SO I am trying to fucking self-teach myself Calculus and discrete in order to be a better programmer, so that when I start trying to learn languages I will not be cargo-culting shit.

History: I failed precalc twice because I didn't give a shit. I have the textbook, the assignments, and a couple of graded tests. What I am wondering is if I should re-do them on my own time, and if there are books that are good for learning that shit, like one that is to that as SICP is to coding.

Many thanks.

>> No.3180336

>>3180321
You haven't even looked at any programming language yet?
You can start learning the basics of a language like python now. You don't have to know calculus or discrete to get started.

>> No.3180346

>I failed precalc twice

Just warning you that you're about to be called a retard by everyone in /sci/. Because of course everyone on /sci/ has a 170 IQ and and holds a Ph.D. in Theoretical Physics from MIT.

Advice: Read the sticky. Tons of resources for math.

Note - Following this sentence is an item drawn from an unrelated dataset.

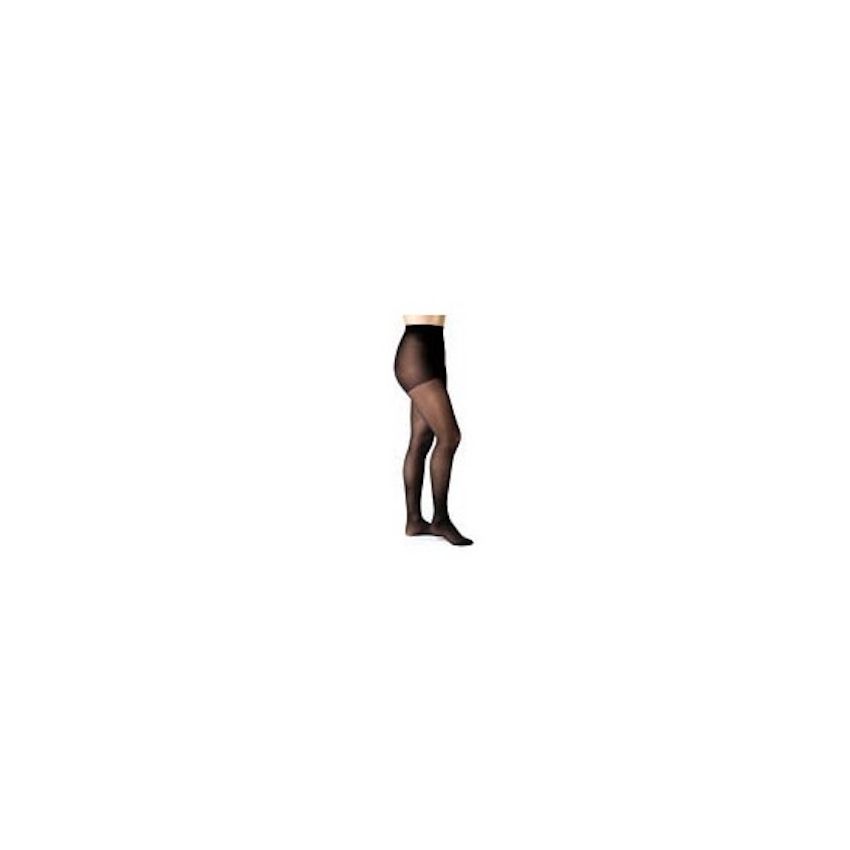 Collants De Compression Compression Normale Noir Moyen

Also obtain (steal) James Stewart's Calculus Early Transcedentals.

>> No.3180349

for calculus:
khanacademy.com

for discrete:
http://freevideolectures.com/Course/2781/Math-215-Discrete-Mathematics/

>> No.3180353

>>3180336
This. When it comes time to really worry about things like algorithm efficiency, then you'll use that kind of math. Until then, you should stick to learning the basics of programming.

Hell, you probably won't EVER have to worry about that if you just remain a hobbyist programmer. Unless you study computer science (or, to a lesser extent, software engineering), you probably needn't concern yourself with squeezing the maximum efficiency out of your algorithms.

>> No.3180362

>>3180353
OP here

>you probably needn't concern yourself with squeezing the maximum efficiency out of your algorithms.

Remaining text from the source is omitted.